【第一期】2/11~3/21 -泉鏡花とのかかわり-
清方は、明治35年に発行された『三枚續』において、あこがれていた鏡花の小説に初めて口絵と装丁を手掛けました。鏡花の口絵は、様々な画家が描いていますが、中でも清方の挿絵は特に人気を博し、日本画家への道を後押ししました。清方の随筆や鏡花の文章からは、互いへの敬愛の念が読み取れます。
清方は、鏡花が亡くなった直後に、『鏡花全集』の編纂委員を務めており、鏡花の好きだった兎や紫陽花を用いた装丁からは、故人に対する哀悼の気持ちが感じられます。
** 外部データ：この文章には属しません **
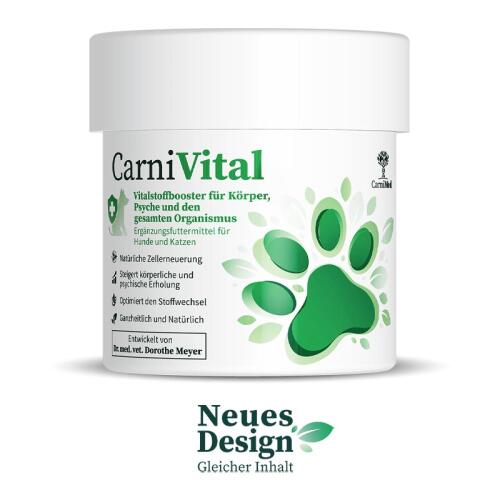 CARNIMED Ergänzungsfutter CARNI VITAL für Hunde 100g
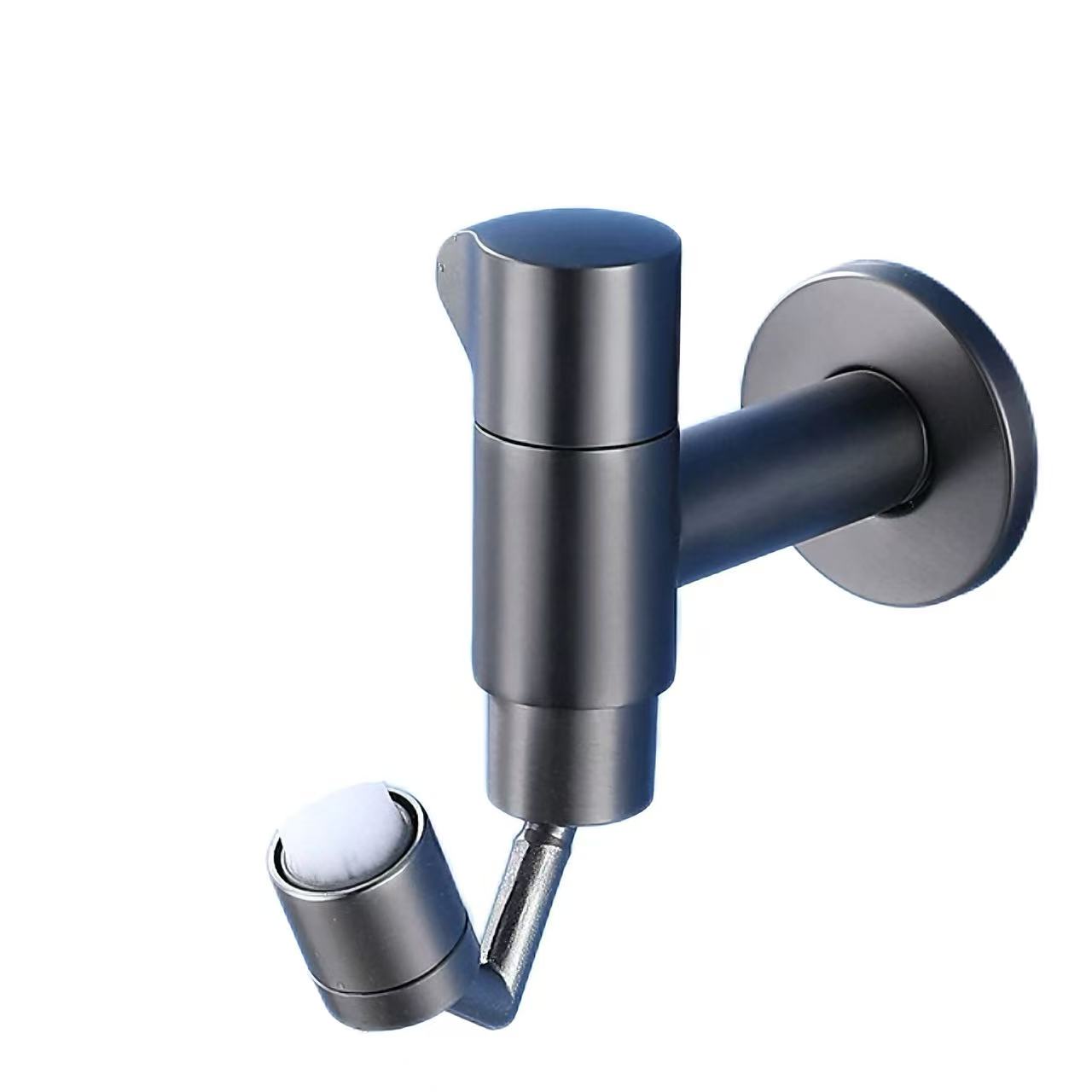 Gun Faucet Sinc Mop Universal Grey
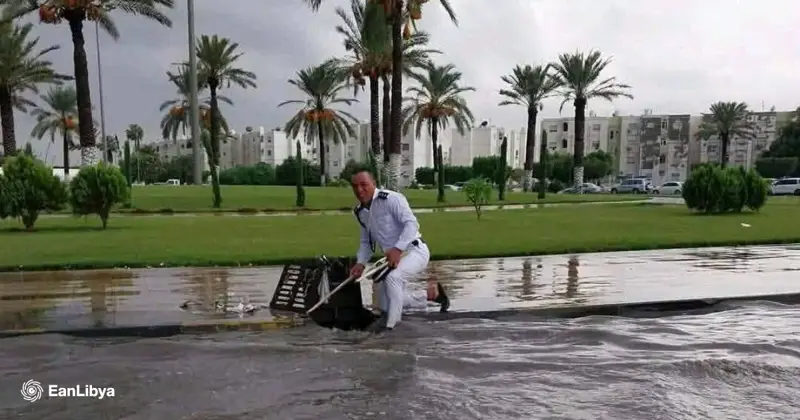 العاصمة تغرق بسبب غياب البنية التحتية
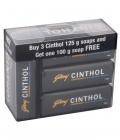 Cinthol Confidence Soap 125gmx3 + 100gm Free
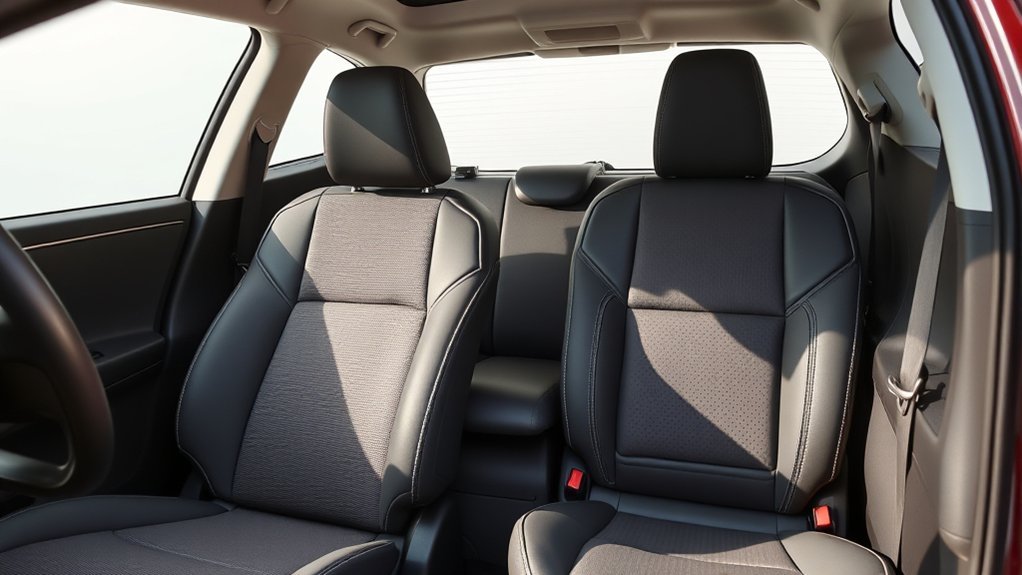seat comfort varies significantly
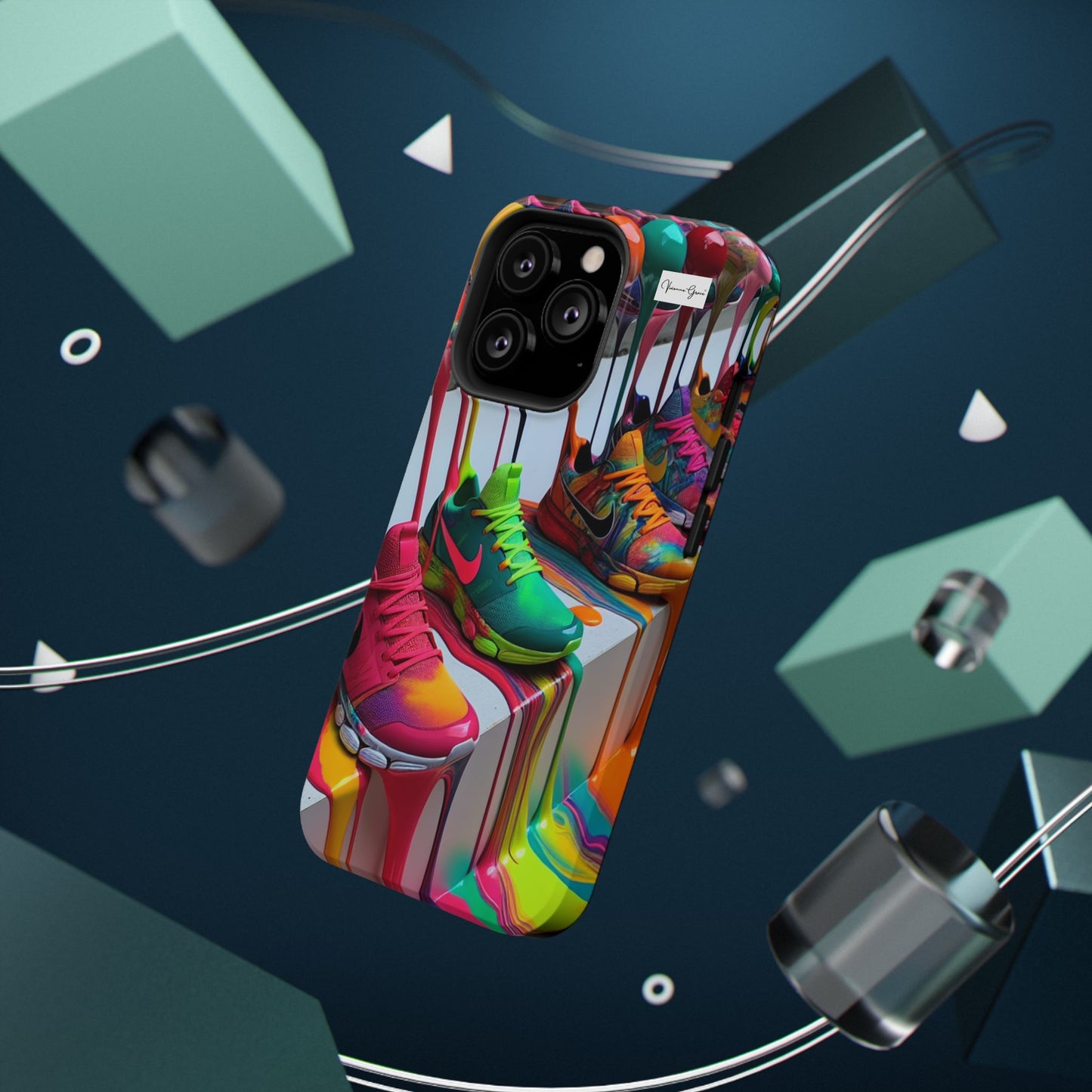 IPhone - Impact-Resistant Case - SNEAKER FUN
本展覧会では、清方が描いた口絵や装丁をはじめ、清方の随筆などから2人の心あたたまる交流を偲んでいただければ幸いです。
【第二期】3/25~4/24 -樋口一葉への情憧-
清方は、明治24年に日本画家・水野年方へ入門し、一葉の小説に挿絵を描くこと目標に、挿絵画家としての勉強に励みました。しかし、間もなく一葉は夭折し、その機会は失われてしまいます。
ある日、樋口家の墓に詣でると、一葉の墓標に寄り添う「たけくらべ」の主人公・美登利の姿が浮かびます。そうして制作された『一葉女史の墓』は、挿絵から日本画家の世界へ転身してゆくきっかけとなりました。
本展覧会では、『一葉女史の墓』『にごりえ』など一葉作品を題材にした作品を中心にご紹介します。